# What do you feed your dairy goats?



## ThePigeonKid (Jun 28, 2010)

I would like to know what to feed dairy goats. I seen a bag of feed in the store, but I was wondering if they need something besides store-bought food.


----------



## aggieterpkatie (Jun 28, 2010)

I currently feed a 16% textured dairy goat feed along with wheat bran (for weight gain) and free choice hay and pasture.


----------



## glenolam (Jun 28, 2010)

High quality hay (free choice) also helps with all stages of goats.

My lactating goat had runny poops for quite some time; I switched out their hay for really nice mixed hay and added alfalfa pellets to her grain and she's back to normal now.


----------



## Ariel301 (Jul 5, 2010)

I have a free-choice hay feeder that is always full of alfalfa and bermuda grass mix. I feed about 2/3 alfalfa to 1/3 bermuda.

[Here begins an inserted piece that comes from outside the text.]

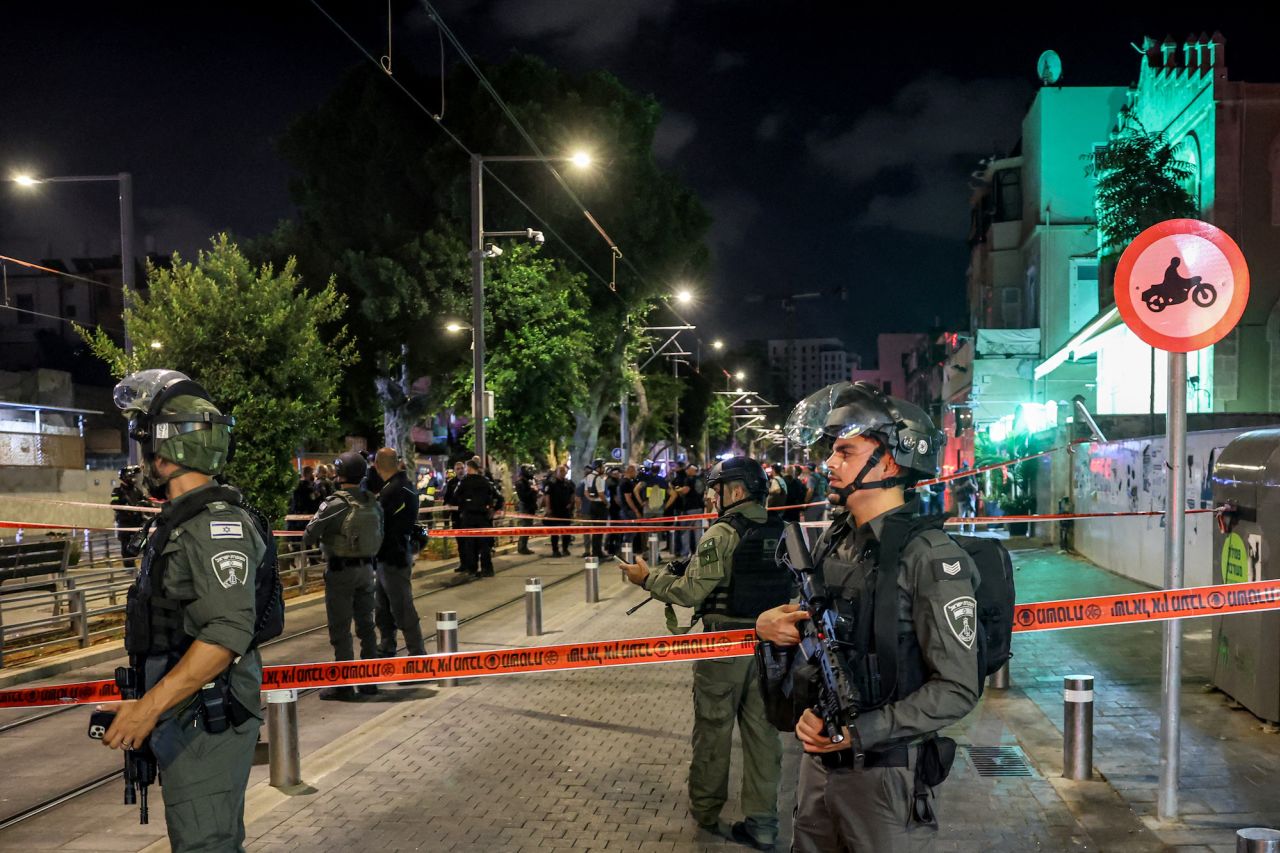 Israeli border guards deploy at the scene of a shooting attack outside al-Nuzha mosque along Jersalem Boulevard in Jaffa south of Tel Aviv on October 1.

It helps to cut the cost a little. I also feed free-choice brewery grain which I can get for free from a local beer brewery by the truckload. I've been feeding a high-molasses COB (corn, oats, barley) horse feed to my milkers, 1-2 pounds apiece, but I'm working on going to a custom grain mix for them to better meet my individual needs. I wish I had pasture for my girls to go on, it would be a big help!


----------



## ksalvagno (Jul 6, 2010)

You definitely need high quality hay. Some people feed pure alfalfa but I feed orchard grass hay. I do add alfalfa pellets in their feed. When they are in milk, you also want to feed them a good quality feed made for goats. You can certainly feed them the feed all year around but you don't need to feed them as much when they aren't in milk. I just buy a general goat feed because they don't have specific dairy goat feed in my area. Another thing all goats need is a good quality loose goat mineral. They need copper. I use Sweetlix Meatmaker goat mineral.

Read labels and make sure the feeds/minerals are quality. Don't buy the cheapest stuff, you do get what you pay for. It can come out in poor tasting milk or low amount of milk.


----------



## Chirpy (Jul 6, 2010)

When my does are in milk I do feed straight alfalfa.  In my personal experimentation my girls actually do give more milk when on alfalfa than grass or even a grass/alfalfa mix.    If I can't afford straight alfalfa then grass works.

I also give them Klassy goat feed with BOSS (black oiled sunflower seeds) twice a day -- while they are on the milk stand.   Some people don't like to use Klassy goat because of the molasses in it.  It's what is easiest to get here and I love the milk so it works for me.

I keep loose minerals and baking soda out free choice all the time.  I hear that Sweetlix is a great loose mineral (like ksalvagno uses).  I can't get it around here.


----------